Schuster’s effort to see Kratky imprisoned for up to two years under a law forbidding vilification of the government or its leaders triggered a parliamentary effort to repeal the Communist-era statute that fell a vote short. But last month, the Constitutional Court suspended the law on the grounds that it “could threaten freedom of expression.”
“Slovak politicians, whether in the government or in the opposition, are not prepared for criticism,” an unrepentant Kratky said in an interview after the ruling. “They want to have more than standard protection.”
One of the Slovak president’s few powers is to nominate the prime minister, a post that generally goes to the head of the party finishing first in parliamentary elections. But the president has some freedom of choice, and polls suggest that the current ruling coalition and the two major opposition parties may all fall short of a majority in September elections.
Schuster’s rise followed a very different path from his more famous counterpart, Vaclav Havel, who leaped from being an anti-Communist dissident playwright to the presidency of Czechoslovakia and then of the Czech Republic. Czechoslovakia split into the Czech Republic and Slovakia in 1993.
A technical university graduate, Schuster built his career as a Communist Party official at a huge steel mill in Kosice. He served as Kosice’s mayor from 1983 to 1986. After the 1989 collapse of communism in Czechoslovakia, Havel appointed him ambassador to Canada.
Schuster helped attract significant Canadian investment to Czechoslovakia. But a 1991 law banned former Communist officials from holding public office, and Havel was forced to recall him in 1992. After the country’s breakup, the law did not apply in Slovakia and Schuster returned to the political arena.
He was elected mayor of Kosice in 1994 and reelected in 1998. By that time he was a popular figure on the national scene, partly because his city’s downtown core had undergone extensive restoration.
After Schuster became president, however, it became widely known that the city had borrowed heavily to finance the upgrade. Today, opinions vary sharply over whether Schuster benefited the city--which faces debts of $38 million--or only himself.

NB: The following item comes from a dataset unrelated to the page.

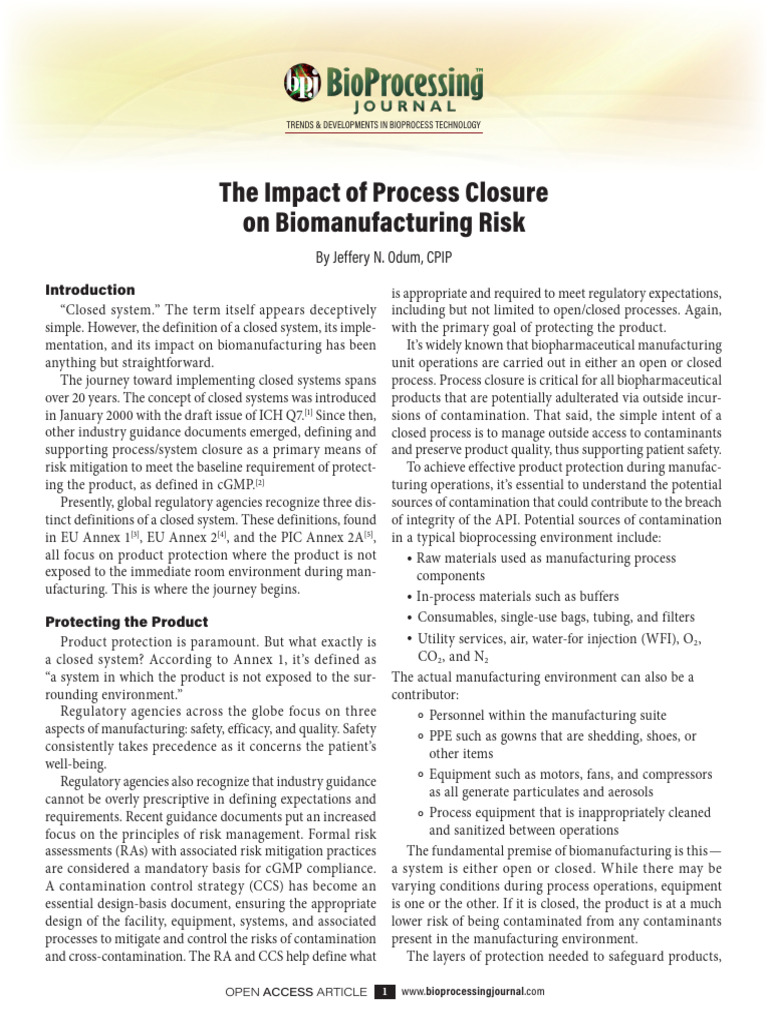 Process Closure in Biomanufacturing | PDF | Risk
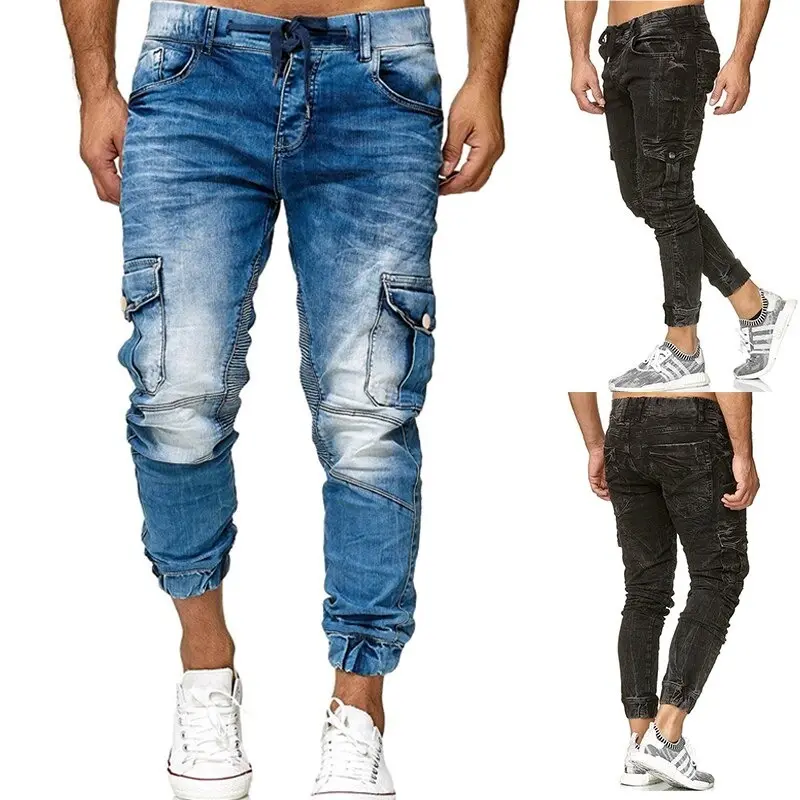 2021 Europe and the United States new men's jeans, denim fabric casual sports pants, spring and autumn personality jeans OEM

“I assess the work of Mayor Schuster from 1994 to 1999 very positively,” said Zdenko Trebula, Kosice’s current mayor. “If you came to our city before 1994, you would have seen that it was in rather poor condition, and he really improved it. The city gained a completely different image.”
Trebula added that “the debt is manageable.”
Jan Suli, the head of Kosice’s Old Town district, was far more critical.
“When he started to work in the city, everybody was jubilant that finally something was moving forward,” Suli said. “Then he left in 1999 for the presidency, Kosice woke up, and we had to pay for it. . . . I think that Mr. Schuster did it consciously. He wanted to be president, and he used it as an electoral campaign.”
Younger Slovaks are more likely than their elders to see Schuster as a relic of communism.
“I think we need a new president, a fresh man who wouldn’t have the past that our current president has,” said Gabriel Ganz, 31, a disco club owner in Kosice.
Schuster doesn’t greatly dispute the idea that it’s just about time for former Communists to retire.
“We need a young generation who are better prepared than I am, who weren’t involved in the old regime and will look ahead,” he recently told the Prague Post. “I think this time is very close.”
But Schuster still has plenty of fans. Robert Fico, a populist politician and a candidate to be the next prime minister, praised Schuster as “a very experienced man” who “knows the practical life.”
“He understands Slovakia,” Fico said.